The ACLU action in Massachusetts is typical of the approach being taken by the civil rights group. Carol Rose, executive director of the ACLU in Massachusetts, said four mayors had complained to the state's utility regulatory board, where. State law requires the board to conduct public hearings when a mayor complains.
Michael D. Bissonnette, mayor of Chicopee, Massachusetts, said he joined the requests because privacy was fast becoming the key civil rights issue.
"This is likely the greatest invasion of consumer privacy in our nation's history," he said.
The ACLU filed similar complaints in Arizona, Colorado, Connecticut, Delaware, Florida, Iowa, Kansas, Missouri, Nebraska, Nevada, New Jersey, New York, Oregon, Pennsylvania, Rhode Island, Tennessee, Texas, Vermont, Virginia and Washington.
Typically, state utilities commissions are mandated to regulate the activities of telephone and other electronic carriers operating in their respective states.
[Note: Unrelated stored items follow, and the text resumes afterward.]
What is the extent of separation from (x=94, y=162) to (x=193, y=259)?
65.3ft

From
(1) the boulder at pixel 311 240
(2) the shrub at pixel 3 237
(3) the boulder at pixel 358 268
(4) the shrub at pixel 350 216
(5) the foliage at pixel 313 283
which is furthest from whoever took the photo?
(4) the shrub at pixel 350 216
A full-frontal legal assault on the National Security Agency would likely hit the brick wall of the "state secrets" doctrine - through which the government is able to keep sensitive cases from ever coming to trial because public disclosures would compromise national security. Once rarely used, the state secrets privilege has become one of the staple defenses used by the Bush Administration to maintain secrecy.
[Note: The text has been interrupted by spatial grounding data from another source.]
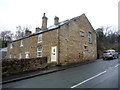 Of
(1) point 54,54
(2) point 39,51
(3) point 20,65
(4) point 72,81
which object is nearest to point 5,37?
(2) point 39,51

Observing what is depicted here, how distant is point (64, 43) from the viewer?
17.4 metres

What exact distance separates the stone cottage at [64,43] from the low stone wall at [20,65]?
3623 millimetres

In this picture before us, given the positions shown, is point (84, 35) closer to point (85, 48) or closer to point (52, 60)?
point (85, 48)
As the ACLU filed its state complaints, it also launched a nationwide campaign to encourage citizens to make their utility commissions aware of their privacy concerns. This campaign is being conducted through an online complaint form available at the ACLU website (www.aclu.org).
The group is also running full-page ads in eight large-city newspapers asking the public to join the complaints. The ads claim that telecommunications companies including "AT&T, Verizon and Other Phone Companies May Have Illegally Sent Your Phone Records to the National Security Agency."
The ACLU said its complaints were filed in the states of Arizona, Colorado, Connecticut, Delaware, Florida, Iowa, Kansas, Massachusetts, Missouri, Nebraska, Nevada, New Jersey, New York, Oregon, Pennsylvania, Rhode Island, Tennessee, Texas, Vermont, Virginia, and Washington.
Ads were taken out in newspapers in Portland, Oregon, Seattle, Washington, New York City, New York, Philadelphia, Pennsylvania, Chicago, Illinois, Miami, Florida, Boston, Massachusetts, and San Francisco, California.
The civil rights group has also asked the U.S. Federal Communications Commission (FCC) to reconsider its recent decision not to investigate the alleged provision of tens of millions of telephone records to the National Security Agency (NSA). The NSA is the largest of the government's spy agencies and both the creator and executor of the massive program.
The phone-records issue was exposed after a newspaper, USA Today, reported the program on May 11. It charged that three major national phone companies -- AT&T, Verizon, and BellSouth -- had turned over the call records of millions of Americans to the US government in the wake of the Sept. 11 attacks.
President George W. Bush and other administration officials have neither confirmed nor denied the USA Today report that the NSA is collecting the calling records of ordinary Americans in its effort to detect the plans of al-Qaida and other terrorist organizations. But Bush has said the administration's anti-terrorism surveillance programs are legal and constitutional.